My favourite of the trio is Ariel, and in my books, probably Kaurismaki’s best, after having already seen about 90% of his filmography. The Match Factory Girl is the bleakest I’ve ever seen him go, a far cry from the bittersweet optimism of the other two films.
Kati Outinen, the face of numerous Kaurismaki’s pictures, plays the titular figure whose monotonous work at a factory is matched miserably by the stifling silence of her domestic space, where she supports her mother and stepfather with her meagre salary.
“Nothing could touch me less than your affection.”
She pays the rent, fixes dinner, and goes to bed. Any ‘excitement’ in this woman’s dour life comes in the form of the occasional night out in the pub, cold beer in hand as she waits for a potential suitor to ask her for a dance.

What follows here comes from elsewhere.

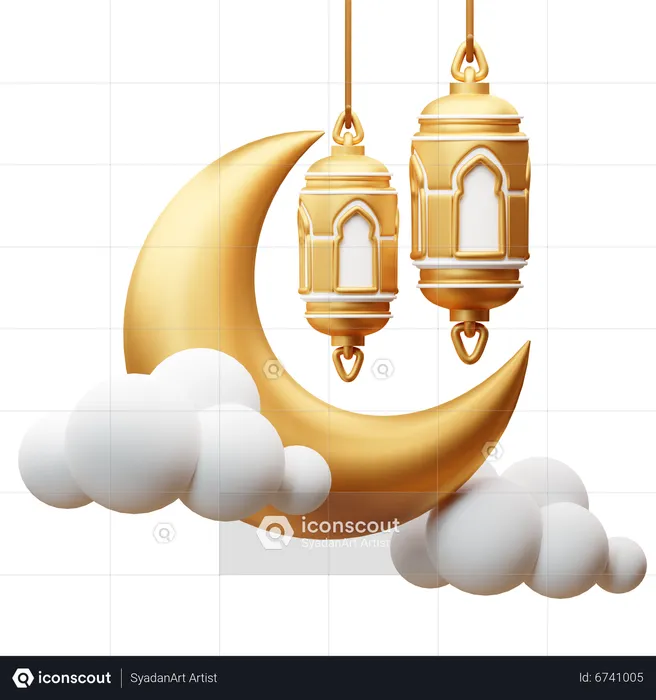 Décoration du Ramadan  3D Illustration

Not one for a long time, until a man grabs her arm, ironically starting a spiral downwards into doom and gloom.
There’s also doom and gloom in other parts of the world, as Kaurismaki efficiently alludes to, through several interjected shots of television news (we are made aware temporally that it’s early June 1989, a fateful month with the Tiananmen Square student massacre, and the death of Iranian Revolution mastermind Ayatollah Khomeini, etc.).
However, nothing seems to compare with the sheer loneliness and desperation of Outinen’s character, who, with nothing to lose, decides to do something drastic.
There’s less deadpan humour here than in other Kaurismaki’s movies, though the director’s selection of counterpointingly upbeat songs remains spot-on. At only 69 minutes, it is also one of his briskest efforts.